Opinion
July 13, 1981
Appeal by defendant from a judgment of the Supreme Court, Queens County (Chetta, J.), rendered March 30, 1979, convicting him of burglary in the second degree and grand larceny in the third degree, upon a jury verdict, and imposing sentence. Judgment modified, on the law, by reducing the conviction of grand larceny in the third degree to one of petit larceny. As so modified, judgment affirmed. The People proved beyond a reasonable doubt, as found by the jury, that defendant had burglarized a private home owned by Mr. and Mrs. Keller, and had stolen therefrom two television sets and a five-year-old camera. The value of the television sets is uncontested and was established by an expert at $220. However, with respect to the camera, Mrs. Keller testified only that her husband had purchased it five years earlier at a military PX for $60 to $70. Although Mrs. Keller did say that the camera was in good working order at the time of the theft, no testimony was submitted establishing the market value of the camera as of that time.
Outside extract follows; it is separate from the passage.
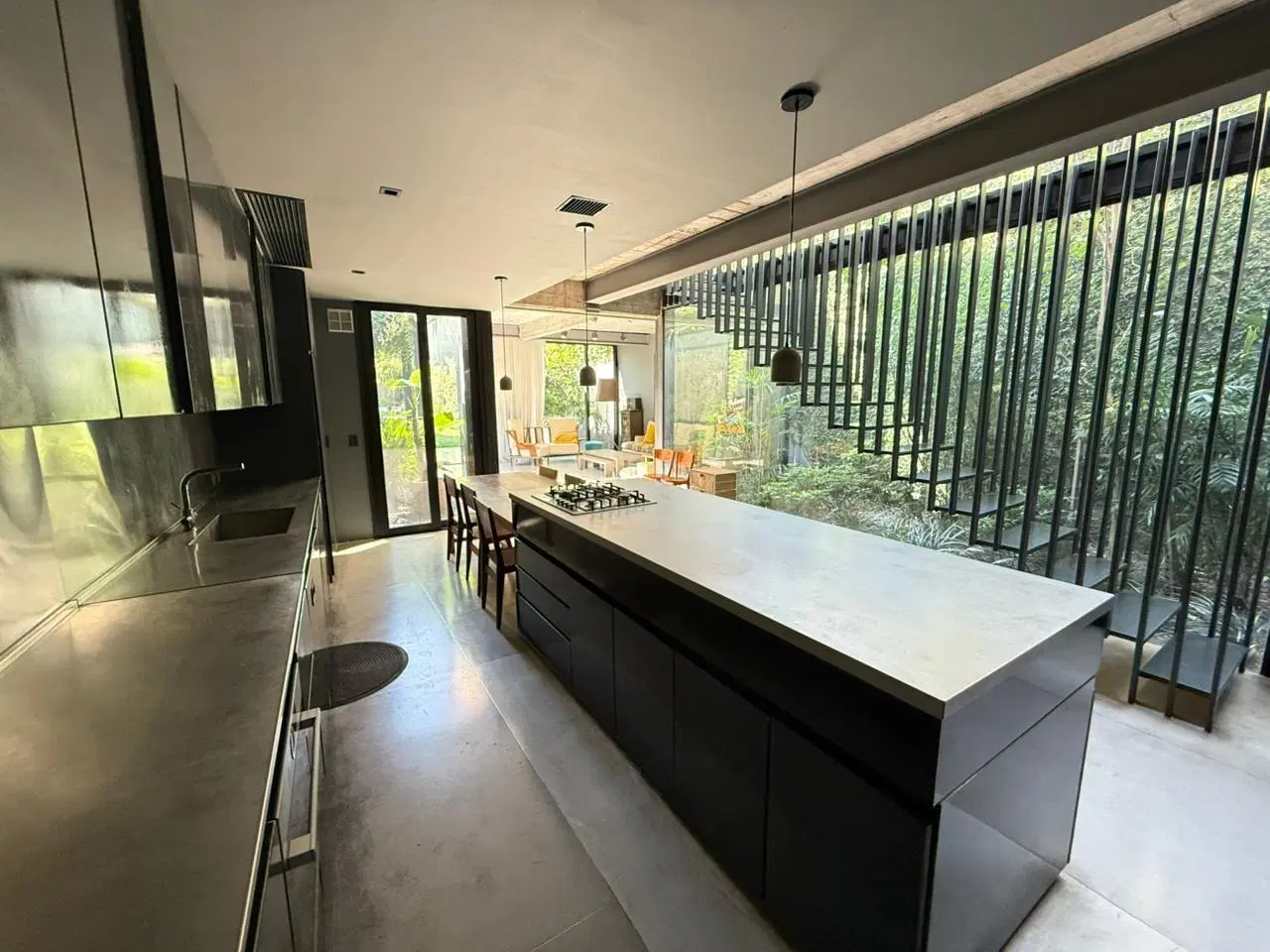 Espectacular casa de diseño con gran fondo 3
We have held that this type of evidence alone is insufficient to establish that the defendant had stolen property having an aggregate value in excess of $250, a necessary prerequisite for conviction of grand larceny in the third degree (Penal Law, § 155.30; see People v. Bell, 55 A.D.2d 624). However, the evidence presented did establish the crime of petit larceny, and we have modified the judgment accordingly. There is no need to remand for resentence since defendant has already served the maximum time to which he could be sentenced on the petit larceny conviction (see People v. Bell, supra). We have considered the other points raised on appeal, and find them to be without merit. Gibbons, J.P., Gulotta, Cohalan and Bracken, JJ., concur.